Digital rights groups are sounding the alarm about a new law in Mexico that would require all cell phone users to register their personal information and biometric data in a massive government database.
The legislation, signed into law by Mexican president Andrés Manuel López Obrador on April 16, adds Mexico to a list of 18 countries globally — including China, Saudi Arabia, Venezuela, and the United Arab Emirates — that mandate biometric data collection for people with mobile phones. Critics say the law puts users’ sensitive personal information at risk of being leaked to criminal groups in a country with a troubling history of deploying spyware to surveil human rights defenders, journalists, and activists.
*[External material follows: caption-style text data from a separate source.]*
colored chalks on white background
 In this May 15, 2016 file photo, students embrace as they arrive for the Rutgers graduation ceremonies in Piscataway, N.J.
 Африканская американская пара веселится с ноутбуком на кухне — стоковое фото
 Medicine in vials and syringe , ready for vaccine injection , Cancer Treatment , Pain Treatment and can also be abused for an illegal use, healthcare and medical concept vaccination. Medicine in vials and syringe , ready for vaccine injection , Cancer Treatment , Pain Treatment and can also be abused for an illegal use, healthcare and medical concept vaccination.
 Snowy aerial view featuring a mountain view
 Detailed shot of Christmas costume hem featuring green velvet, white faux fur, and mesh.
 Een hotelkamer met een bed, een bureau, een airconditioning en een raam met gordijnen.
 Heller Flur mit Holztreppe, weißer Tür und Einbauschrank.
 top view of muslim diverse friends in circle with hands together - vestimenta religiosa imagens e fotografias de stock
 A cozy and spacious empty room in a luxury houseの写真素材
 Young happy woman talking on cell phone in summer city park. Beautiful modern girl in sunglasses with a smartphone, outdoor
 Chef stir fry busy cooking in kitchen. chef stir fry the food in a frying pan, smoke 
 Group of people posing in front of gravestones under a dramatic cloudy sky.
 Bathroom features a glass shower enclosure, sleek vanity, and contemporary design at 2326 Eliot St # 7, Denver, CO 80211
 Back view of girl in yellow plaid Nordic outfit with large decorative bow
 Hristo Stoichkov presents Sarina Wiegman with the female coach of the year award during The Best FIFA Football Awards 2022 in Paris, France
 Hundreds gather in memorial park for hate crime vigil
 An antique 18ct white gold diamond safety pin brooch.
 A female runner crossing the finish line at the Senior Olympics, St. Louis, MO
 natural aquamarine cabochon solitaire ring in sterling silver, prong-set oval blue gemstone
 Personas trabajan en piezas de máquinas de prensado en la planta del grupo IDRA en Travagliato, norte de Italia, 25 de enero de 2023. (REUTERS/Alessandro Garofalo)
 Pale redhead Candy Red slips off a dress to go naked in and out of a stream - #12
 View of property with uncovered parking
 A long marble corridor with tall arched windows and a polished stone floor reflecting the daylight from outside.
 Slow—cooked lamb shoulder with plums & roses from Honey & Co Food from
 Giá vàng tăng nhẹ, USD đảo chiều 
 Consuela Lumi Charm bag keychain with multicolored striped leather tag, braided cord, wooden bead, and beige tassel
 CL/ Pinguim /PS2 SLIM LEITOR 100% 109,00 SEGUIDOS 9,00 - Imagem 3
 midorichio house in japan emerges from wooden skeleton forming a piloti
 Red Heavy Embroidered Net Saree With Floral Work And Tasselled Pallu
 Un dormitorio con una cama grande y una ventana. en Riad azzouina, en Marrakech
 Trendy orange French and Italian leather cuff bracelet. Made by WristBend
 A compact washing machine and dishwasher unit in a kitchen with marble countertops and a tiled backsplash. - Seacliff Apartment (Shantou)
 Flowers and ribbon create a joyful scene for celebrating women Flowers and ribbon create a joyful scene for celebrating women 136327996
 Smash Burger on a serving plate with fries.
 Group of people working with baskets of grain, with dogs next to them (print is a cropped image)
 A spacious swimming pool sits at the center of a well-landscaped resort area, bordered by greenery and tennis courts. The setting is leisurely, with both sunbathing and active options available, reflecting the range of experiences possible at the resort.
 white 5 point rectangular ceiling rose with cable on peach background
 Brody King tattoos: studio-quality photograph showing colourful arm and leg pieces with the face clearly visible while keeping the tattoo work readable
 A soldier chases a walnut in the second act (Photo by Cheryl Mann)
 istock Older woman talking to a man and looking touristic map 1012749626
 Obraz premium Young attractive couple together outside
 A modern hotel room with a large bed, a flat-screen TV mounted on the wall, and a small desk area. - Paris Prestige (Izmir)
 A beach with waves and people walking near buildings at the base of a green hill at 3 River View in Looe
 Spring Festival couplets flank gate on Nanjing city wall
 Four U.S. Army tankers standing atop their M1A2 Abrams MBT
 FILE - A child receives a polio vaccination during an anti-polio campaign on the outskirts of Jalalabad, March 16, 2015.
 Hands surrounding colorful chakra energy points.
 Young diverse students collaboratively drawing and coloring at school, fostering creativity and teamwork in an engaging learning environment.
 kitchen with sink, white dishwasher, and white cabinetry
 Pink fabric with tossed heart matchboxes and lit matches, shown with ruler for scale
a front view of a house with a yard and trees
“Almost no democratic country requires its citizens to provide biometric data to buy a SIM card,” said Luis Fernando García, the executive director of the Mexican digital rights group R3D. “It's not unreasonable to fear that the information provided to the database would end up being used by, if not by this administration, by future administrations that are not committed to human rights at all.”
Under the law, anyone with a cell phone or seeking to buy a SIM card would have to register their personal information — such as their name, nationality, and address — as well as their biometric data to include in a sprawling government database that would be managed by the country’s telecommunications regulator. While the law does not specify what kind of biometric data would be collected, Fernando García said it could include fingerprints, iris scans, or images of a person’s face. The law also gives companies two years to collect the data and make it accessible to the government. Anyone who refuses to comply will lose access to their phone lines.